IU physicists gathered at Swain Hall West on the Bloomington campus this morning, Dec. 13, to view the announcement from the European Organization for Nuclear Research -- or CERN -- that two of the $10 billion Large Hadron Collider's experiments, ATLAS and CMS, had collected and analyzed new data sufficient enough to make significant progress in the search for the Higgs boson. And while the new data was not enough to make any conclusive statement on the existence or non-existence of the elusive Higgs, predictions are that 2012 will be the year of confirmation.

The main conclusion, according to IU physicist Harold Evans, is that the Standard Model Higgs boson, if it exists, is most likely to have a mass constrained to the range 116-130 GeV by the ATLAS experiment, and 115-127 GeV by CMS. A GeV is a thousand million electronvolts and the collider at CERN is designed to speed subatomic protons up to energies of 7 trillion electron volts and smash them together in an attempt to re-create conditions from when the universe was less than a trillionth of a second old.

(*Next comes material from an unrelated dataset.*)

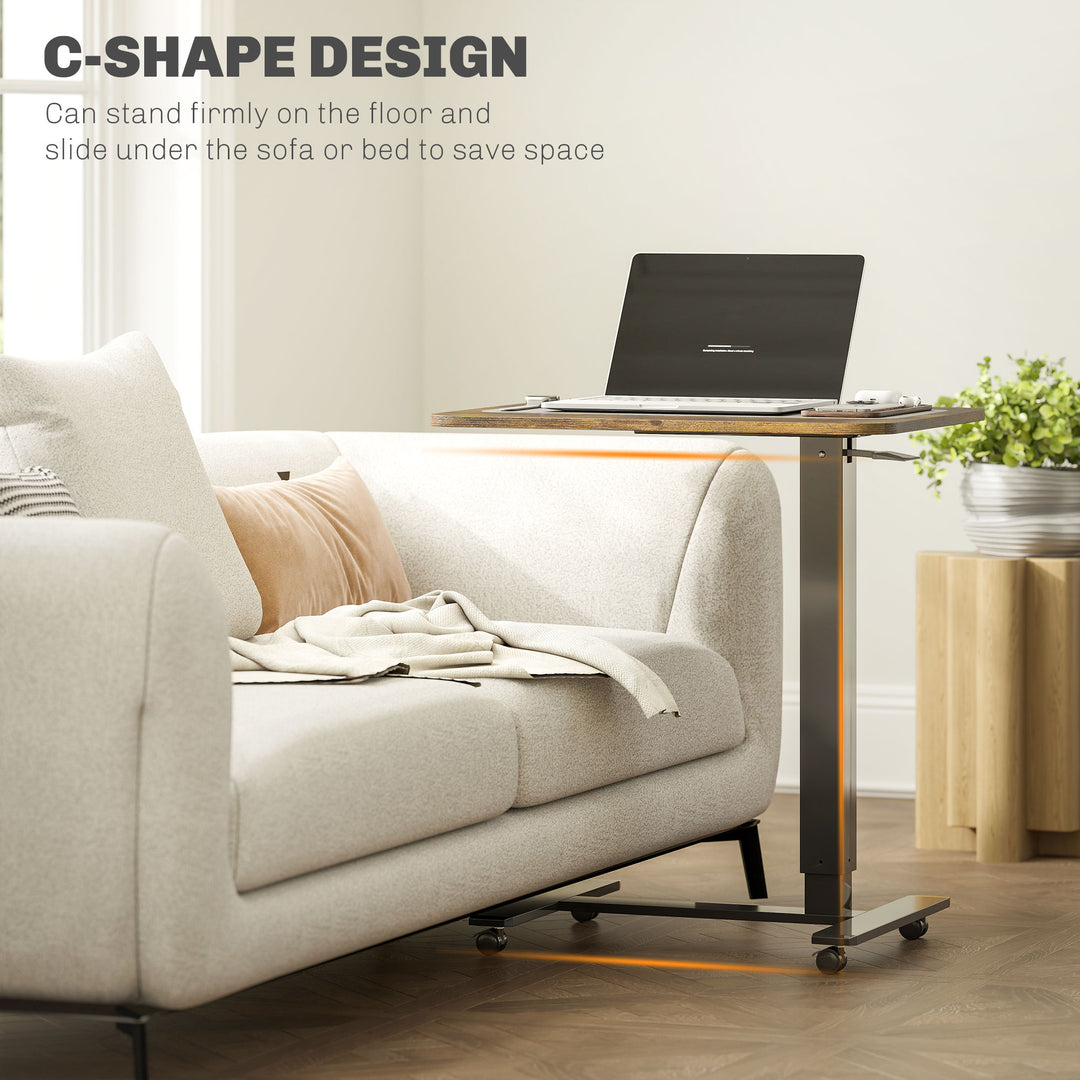 HOMCOM Pneumatic Standing Desk Adjustable Height, Mobile Stand Up Desk with Wheels, 43 Inch Portable Rolling Table, White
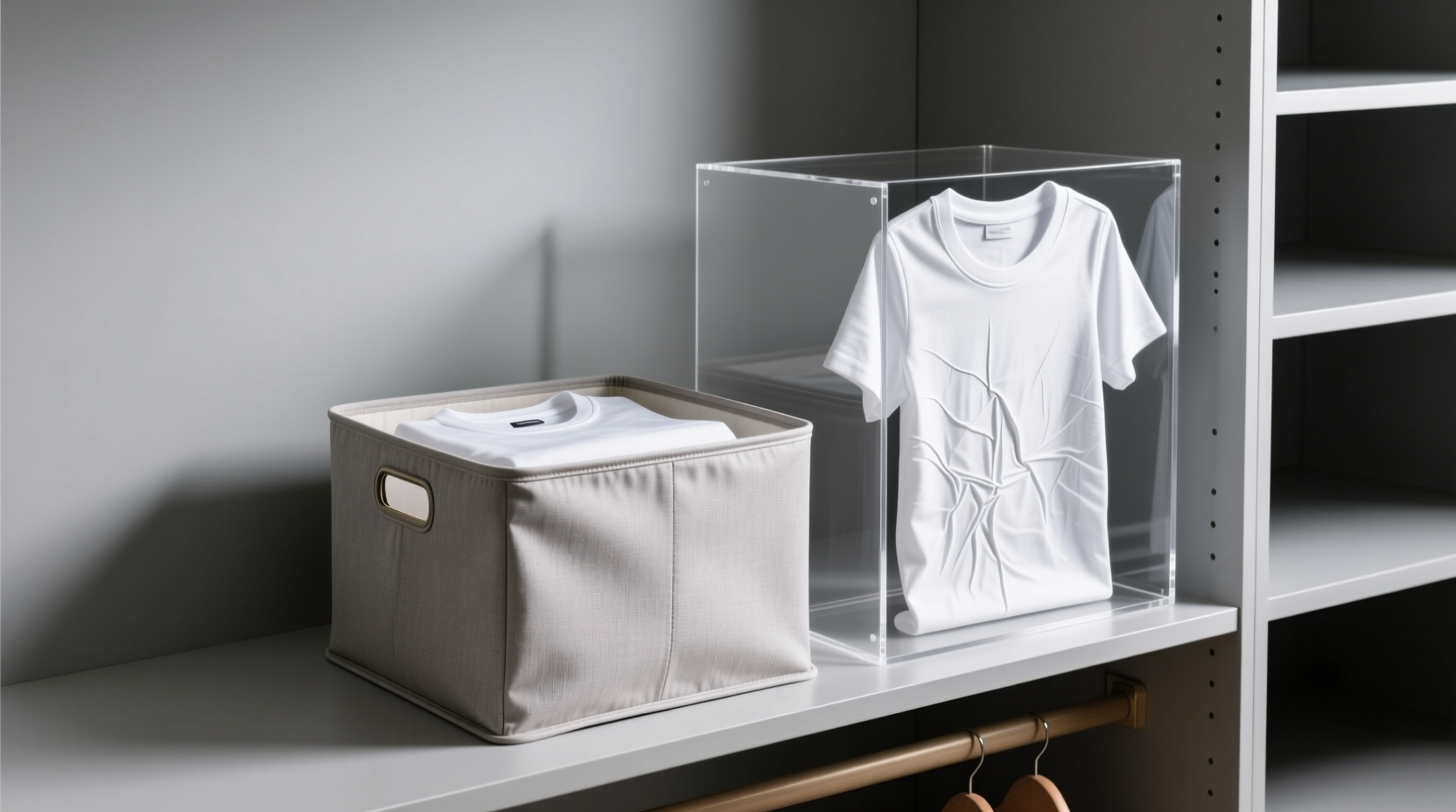 closet organization tips fabric bins vs acrylic dividers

Scientists said that multiple independent measurements point to excesses in the region of 124 to 126 GeV as being most compatible with a Standard Model Higgs, but the statistical significance is not large enough to say anything conclusive yet. What was seen was either a background fluctuation or the presence of the Higgs boson, and that differentiation should be made in 2012 with refined analyses and additional data.

"The fact that the two experiments are seeing hints in the same region is extremely exciting," professor Evans said shortly after the CERN news conference. "If these hints are borne out then each experiment will definitively observe the Higgs with data taken in 2012. So, even though we can't claim discovery yet, we're still drinking champagne!"

Over the coming months, both experiments will be further refining their analyses. However, a definitive statement on the existence or non-existence of the Higgs will also require more data, retired professor Harold Ogren said. Ogren is another IU physicist who worked on the ATLAS detector's barrel Transition Radiation Tracker detector, one of three elements of ATLAS that reconstructs the trajectories of charged particles produced in proton-proton collisions.

"We only just saw the CMS results, and we're fantastically encouraged to see that they show hints at a similar mass to ATLAS'," Ogren said.

Staff and faculty in the IU College of Arts and Sciences' Department of Physics designed and built approximately one-half of the barrel Transition Radiation Tracker detector, a device that significantly enhances ATLAS' ability to identify electrons produced in the collisions. Because it can reconstruct trajectories of charged particles and identify produced electrons, the Transition Radiation Tracker is considered a critical detector element in ATLAS' search for the Higgs boson.

The team also partners with the University of Chicago in managing ATLAS' Midwest Tier2 computing center, which has hardware in Bloomington, at Indiana University-Purdue University Indianapolis and in Chicago. This center is one of only five such ATLAS computing centers in the U.S., and it makes heavy use of the Open Science Grid, to which IU has made major contributions.

IU scientists are also among the primary authors of eight peer-reviewed journal publications based on ATLAS data.

The current IU ATLAS group, in addition to professors Evans and Ogren, are assistant professor Sabine Lammers; professor and department chair Rick Van Kooten; research scientists Pauline Gagnon, Vivek Jain, Fred Luehring and Daria Zieminska; postdoctoral researchers Sylvie Brunet, Christopher Marino (now at University of British Columbia) and Darren Price; graduate students KyungEon Choi, John Penwell, Ben Weinert, Denver Whittington and Yi Yang; engineer Kirill Egorov and administrator Jenny Olmes-Stevens.